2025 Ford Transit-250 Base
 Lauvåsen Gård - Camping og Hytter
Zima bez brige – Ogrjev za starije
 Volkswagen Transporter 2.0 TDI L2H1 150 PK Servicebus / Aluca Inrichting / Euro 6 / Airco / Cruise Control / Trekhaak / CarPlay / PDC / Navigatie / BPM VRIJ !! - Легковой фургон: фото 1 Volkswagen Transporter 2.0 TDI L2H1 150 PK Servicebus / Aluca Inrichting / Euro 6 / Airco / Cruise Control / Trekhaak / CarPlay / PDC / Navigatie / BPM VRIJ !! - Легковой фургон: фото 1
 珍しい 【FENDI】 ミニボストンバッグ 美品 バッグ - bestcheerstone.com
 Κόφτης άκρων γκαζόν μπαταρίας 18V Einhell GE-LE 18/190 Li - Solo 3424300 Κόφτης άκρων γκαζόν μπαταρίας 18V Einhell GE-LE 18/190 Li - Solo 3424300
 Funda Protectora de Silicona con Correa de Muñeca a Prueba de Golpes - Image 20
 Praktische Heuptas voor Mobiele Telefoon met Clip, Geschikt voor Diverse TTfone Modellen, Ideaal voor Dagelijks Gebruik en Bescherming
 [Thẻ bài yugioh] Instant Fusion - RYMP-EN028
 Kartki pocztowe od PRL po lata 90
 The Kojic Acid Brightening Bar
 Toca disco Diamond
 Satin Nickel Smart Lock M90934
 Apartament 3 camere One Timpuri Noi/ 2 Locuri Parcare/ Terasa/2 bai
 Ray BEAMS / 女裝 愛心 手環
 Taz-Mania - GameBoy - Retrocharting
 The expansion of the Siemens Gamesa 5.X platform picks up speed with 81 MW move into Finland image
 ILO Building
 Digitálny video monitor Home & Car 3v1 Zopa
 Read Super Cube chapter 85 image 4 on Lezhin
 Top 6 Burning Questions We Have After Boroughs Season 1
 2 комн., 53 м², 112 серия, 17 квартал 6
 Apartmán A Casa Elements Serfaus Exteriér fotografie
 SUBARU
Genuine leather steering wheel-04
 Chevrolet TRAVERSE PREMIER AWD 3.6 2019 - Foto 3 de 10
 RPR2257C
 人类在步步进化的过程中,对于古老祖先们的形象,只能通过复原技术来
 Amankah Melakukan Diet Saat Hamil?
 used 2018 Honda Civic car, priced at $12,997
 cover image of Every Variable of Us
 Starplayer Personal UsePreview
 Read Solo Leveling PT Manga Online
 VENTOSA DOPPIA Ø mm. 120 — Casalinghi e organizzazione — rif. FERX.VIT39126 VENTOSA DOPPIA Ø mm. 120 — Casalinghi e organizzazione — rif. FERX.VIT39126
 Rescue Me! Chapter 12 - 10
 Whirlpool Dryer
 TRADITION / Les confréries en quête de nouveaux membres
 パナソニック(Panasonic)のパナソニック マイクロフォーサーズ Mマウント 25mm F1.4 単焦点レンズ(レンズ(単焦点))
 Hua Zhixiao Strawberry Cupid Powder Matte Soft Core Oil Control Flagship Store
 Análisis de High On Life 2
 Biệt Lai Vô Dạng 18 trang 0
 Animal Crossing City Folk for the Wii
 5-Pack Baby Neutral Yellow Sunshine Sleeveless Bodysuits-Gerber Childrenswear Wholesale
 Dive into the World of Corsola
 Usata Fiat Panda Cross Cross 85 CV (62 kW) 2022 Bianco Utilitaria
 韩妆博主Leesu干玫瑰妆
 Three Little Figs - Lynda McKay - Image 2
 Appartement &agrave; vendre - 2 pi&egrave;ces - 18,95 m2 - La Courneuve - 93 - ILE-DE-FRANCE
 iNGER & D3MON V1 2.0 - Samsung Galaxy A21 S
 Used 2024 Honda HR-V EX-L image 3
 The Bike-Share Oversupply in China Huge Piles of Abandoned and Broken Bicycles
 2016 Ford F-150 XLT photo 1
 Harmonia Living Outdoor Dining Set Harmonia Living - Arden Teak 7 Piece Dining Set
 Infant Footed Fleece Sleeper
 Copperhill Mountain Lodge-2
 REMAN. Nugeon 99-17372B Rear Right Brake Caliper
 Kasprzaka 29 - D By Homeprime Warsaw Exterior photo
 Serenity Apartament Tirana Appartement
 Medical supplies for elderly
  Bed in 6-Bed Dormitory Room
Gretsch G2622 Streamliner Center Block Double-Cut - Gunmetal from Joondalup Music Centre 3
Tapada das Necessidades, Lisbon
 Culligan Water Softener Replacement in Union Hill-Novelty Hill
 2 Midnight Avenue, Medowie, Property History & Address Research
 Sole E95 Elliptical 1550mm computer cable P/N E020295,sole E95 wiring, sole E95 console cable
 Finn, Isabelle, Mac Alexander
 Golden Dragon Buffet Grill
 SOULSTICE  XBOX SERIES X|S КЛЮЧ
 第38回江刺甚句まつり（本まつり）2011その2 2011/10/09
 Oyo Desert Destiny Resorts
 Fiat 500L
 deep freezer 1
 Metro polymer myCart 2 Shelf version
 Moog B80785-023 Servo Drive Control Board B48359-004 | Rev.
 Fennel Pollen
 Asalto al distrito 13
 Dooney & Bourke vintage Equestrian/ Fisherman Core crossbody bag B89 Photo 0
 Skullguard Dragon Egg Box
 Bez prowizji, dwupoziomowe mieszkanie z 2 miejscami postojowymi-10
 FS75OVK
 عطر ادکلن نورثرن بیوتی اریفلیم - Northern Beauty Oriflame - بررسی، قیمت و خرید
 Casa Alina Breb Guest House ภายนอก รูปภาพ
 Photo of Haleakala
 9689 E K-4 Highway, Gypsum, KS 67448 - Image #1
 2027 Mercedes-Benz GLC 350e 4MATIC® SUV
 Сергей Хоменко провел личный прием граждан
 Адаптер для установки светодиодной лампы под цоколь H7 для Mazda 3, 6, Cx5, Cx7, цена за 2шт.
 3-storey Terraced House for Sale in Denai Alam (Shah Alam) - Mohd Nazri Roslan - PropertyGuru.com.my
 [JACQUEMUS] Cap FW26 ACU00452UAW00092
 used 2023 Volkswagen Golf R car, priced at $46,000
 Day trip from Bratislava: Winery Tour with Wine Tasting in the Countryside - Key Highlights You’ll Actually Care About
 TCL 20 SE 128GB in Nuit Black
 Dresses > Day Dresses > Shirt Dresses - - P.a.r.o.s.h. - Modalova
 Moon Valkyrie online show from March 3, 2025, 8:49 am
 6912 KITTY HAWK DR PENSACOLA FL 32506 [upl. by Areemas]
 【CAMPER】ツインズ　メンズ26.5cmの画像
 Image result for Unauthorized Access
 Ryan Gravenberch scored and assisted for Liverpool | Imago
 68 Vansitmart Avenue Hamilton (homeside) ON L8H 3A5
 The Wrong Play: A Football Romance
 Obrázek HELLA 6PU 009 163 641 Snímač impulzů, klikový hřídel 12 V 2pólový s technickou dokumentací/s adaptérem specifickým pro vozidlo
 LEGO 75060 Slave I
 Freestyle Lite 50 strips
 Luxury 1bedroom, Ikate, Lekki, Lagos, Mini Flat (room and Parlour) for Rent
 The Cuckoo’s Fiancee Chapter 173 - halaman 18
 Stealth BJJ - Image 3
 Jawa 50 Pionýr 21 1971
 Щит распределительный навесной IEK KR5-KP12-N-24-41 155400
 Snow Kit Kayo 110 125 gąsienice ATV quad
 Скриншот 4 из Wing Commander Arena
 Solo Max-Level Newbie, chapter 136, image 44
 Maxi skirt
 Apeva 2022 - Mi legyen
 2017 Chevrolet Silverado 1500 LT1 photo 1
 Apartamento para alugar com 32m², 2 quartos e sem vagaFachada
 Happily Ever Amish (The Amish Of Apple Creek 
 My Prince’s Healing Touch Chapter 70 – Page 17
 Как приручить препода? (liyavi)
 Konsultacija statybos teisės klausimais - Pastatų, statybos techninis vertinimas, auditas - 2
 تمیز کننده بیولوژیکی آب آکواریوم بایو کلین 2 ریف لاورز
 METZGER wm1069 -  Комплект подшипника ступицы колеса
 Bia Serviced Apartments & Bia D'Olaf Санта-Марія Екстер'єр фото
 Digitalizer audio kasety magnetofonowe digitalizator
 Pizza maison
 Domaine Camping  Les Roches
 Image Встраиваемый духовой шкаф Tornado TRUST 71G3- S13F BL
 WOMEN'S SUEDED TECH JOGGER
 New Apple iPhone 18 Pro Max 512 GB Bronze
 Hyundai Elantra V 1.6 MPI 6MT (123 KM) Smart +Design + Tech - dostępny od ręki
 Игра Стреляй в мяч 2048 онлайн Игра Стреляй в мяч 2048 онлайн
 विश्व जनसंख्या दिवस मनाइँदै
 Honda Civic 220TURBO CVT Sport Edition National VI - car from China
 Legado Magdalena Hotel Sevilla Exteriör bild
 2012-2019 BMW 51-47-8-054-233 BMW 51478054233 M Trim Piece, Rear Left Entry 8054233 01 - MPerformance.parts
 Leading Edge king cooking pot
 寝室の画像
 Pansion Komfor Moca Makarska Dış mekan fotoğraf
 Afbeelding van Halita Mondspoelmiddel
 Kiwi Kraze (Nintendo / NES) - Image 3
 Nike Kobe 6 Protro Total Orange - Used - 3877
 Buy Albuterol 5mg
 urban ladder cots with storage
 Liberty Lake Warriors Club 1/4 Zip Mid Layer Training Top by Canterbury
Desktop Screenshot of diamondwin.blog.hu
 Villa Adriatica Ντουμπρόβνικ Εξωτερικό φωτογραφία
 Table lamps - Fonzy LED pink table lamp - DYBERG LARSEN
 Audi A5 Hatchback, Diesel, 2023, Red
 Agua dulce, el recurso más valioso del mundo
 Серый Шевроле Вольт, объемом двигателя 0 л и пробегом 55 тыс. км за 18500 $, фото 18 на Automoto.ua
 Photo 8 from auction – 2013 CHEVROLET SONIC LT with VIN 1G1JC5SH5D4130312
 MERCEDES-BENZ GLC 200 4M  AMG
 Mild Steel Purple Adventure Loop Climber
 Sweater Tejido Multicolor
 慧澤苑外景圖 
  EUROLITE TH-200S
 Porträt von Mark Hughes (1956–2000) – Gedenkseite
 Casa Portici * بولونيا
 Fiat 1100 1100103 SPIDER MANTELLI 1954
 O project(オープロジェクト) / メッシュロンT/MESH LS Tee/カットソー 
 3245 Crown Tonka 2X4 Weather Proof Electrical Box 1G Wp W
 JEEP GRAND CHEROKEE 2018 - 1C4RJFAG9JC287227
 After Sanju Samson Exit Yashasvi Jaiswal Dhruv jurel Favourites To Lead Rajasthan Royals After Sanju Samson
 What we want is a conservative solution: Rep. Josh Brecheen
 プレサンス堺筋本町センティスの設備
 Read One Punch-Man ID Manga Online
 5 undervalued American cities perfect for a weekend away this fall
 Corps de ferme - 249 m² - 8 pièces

---

*WHAT YOU ARE ASKED TO DO:*
Using the records above, write out exactly the lines between the one holding "Culligan Water Softener" and the one holding "Asalto al distrito 13", inclusive; leave everything else out.

*YOUR RESPONSE:*
 Culligan Water Softener Replacement in Union Hill-Novelty Hill
 2 Midnight Avenue, Medowie, Property History & Address Research
 Sole E95 Elliptical 1550mm computer cable P/N E020295,sole E95 wiring, sole E95 console cable
 Finn, Isabelle, Mac Alexander
 Golden Dragon Buffet Grill
 SOULSTICE  XBOX SERIES X|S КЛЮЧ
 第38回江刺甚句まつり（本まつり）2011その2 2011/10/09
 Oyo Desert Destiny Resorts
 Fiat 500L
 deep freezer 1
 Metro polymer myCart 2 Shelf version
 Moog B80785-023 Servo Drive Control Board B48359-004 | Rev.
 Fennel Pollen
 Asalto al distrito 13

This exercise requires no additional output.